Line by line, print the records exactly as they are, dropping the pictures.

RECORD EXCERPTS START

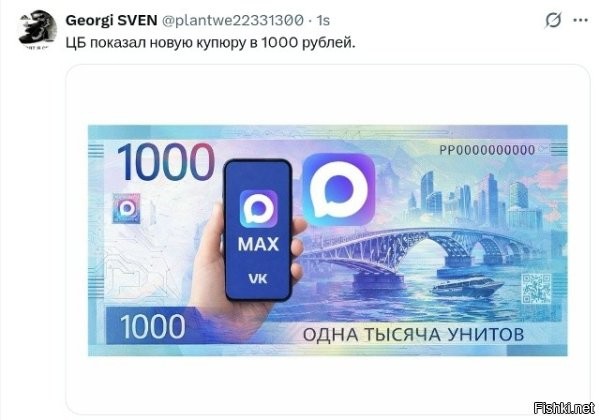А что, опять без крестов?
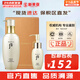 后（The history of Whoo） 洗面奶180ml泡沫潔面乳女男氨基酸潔顏膏深層清潔去角質(zhì)去痘黑頭 后天氣丹花獻光彩潔面露套盒 250ml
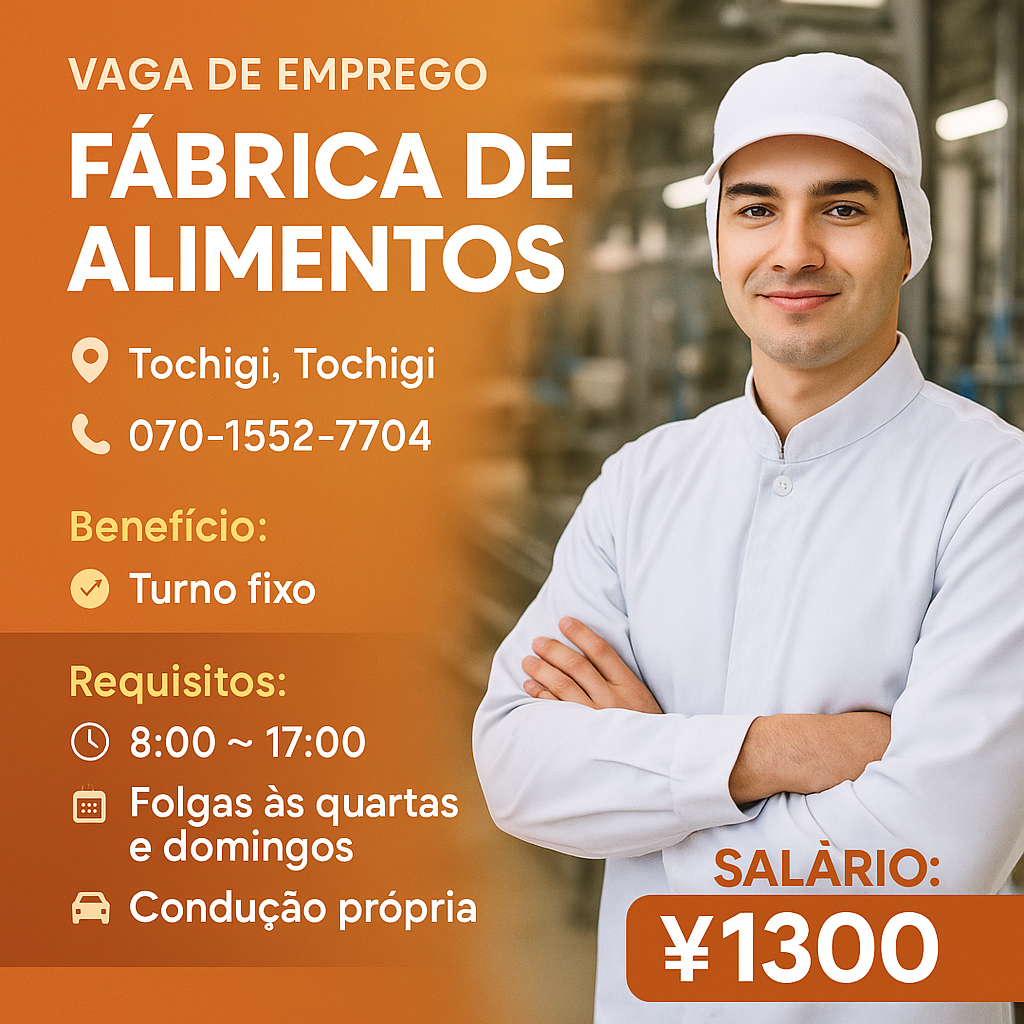 fabrica de alimentos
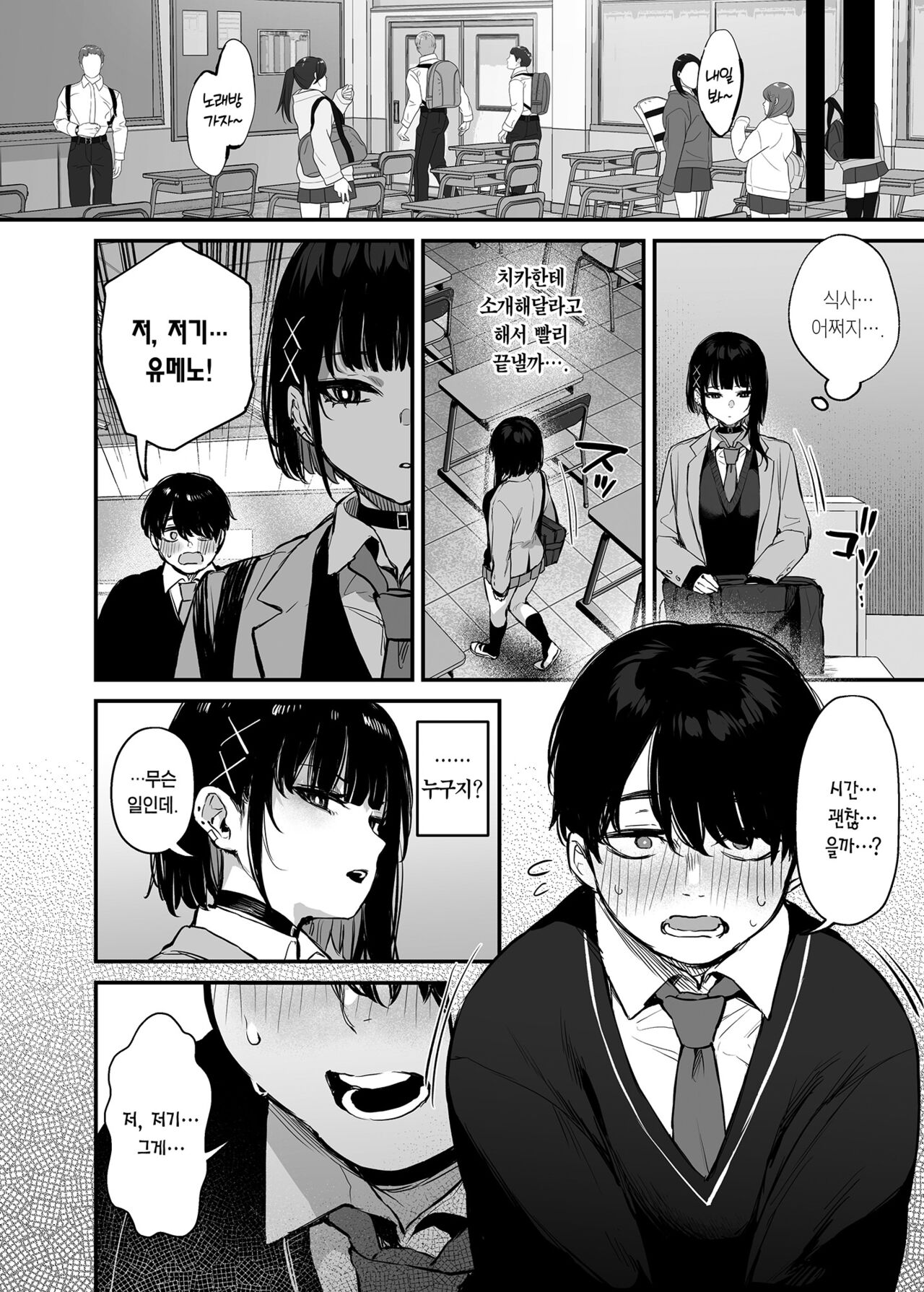 Kore wa Tada no Shokuji dakara! | 이건 그저 식사니까! page 7 full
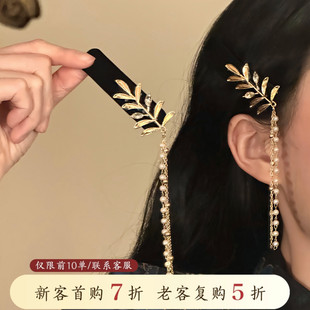 山沐手作「金枝玉叶」新中式金色叶子流苏发夹边夹侧边古风发饰女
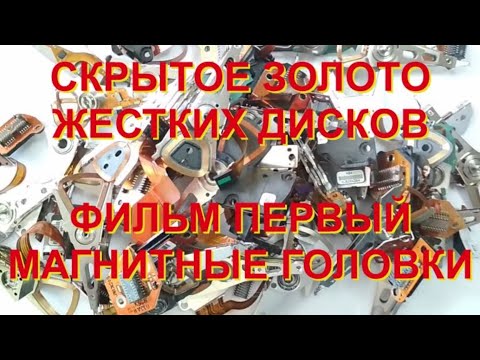 Видео: СКРЫТОЕ ЗОЛОТО ЖЕСТКИХ ДИСКОВ. ФИЛЬМ 1. СЧИТЫВАЮЩИЕ ГОЛОВКИ.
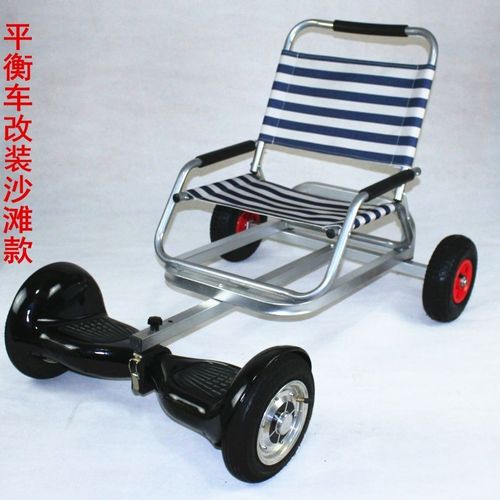 平衡车改装架扭扭平衡车改装沙滩车卡丁车老年四轮休闲代步车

RECORD EXCERPTS END

TASK RESPONSE:
А что, опять без крестов?
 后（The history of Whoo） 洗面奶180ml泡沫潔面乳女男氨基酸潔顏膏深層清潔去角質(zhì)去痘黑頭 后天氣丹花獻光彩潔面露套盒 250ml
 fabrica de alimentos
 Kore wa Tada no Shokuji dakara! | 이건 그저 식사니까! page 7 full
 山沐手作「金枝玉叶」新中式金色叶子流苏发夹边夹侧边古风发饰女
 Видео: СКРЫТОЕ ЗОЛОТО ЖЕСТКИХ ДИСКОВ. ФИЛЬМ 1. СЧИТЫВАЮЩИЕ ГОЛОВКИ.
 平衡车改装架扭扭平衡车改装沙滩车卡丁车老年四轮休闲代步车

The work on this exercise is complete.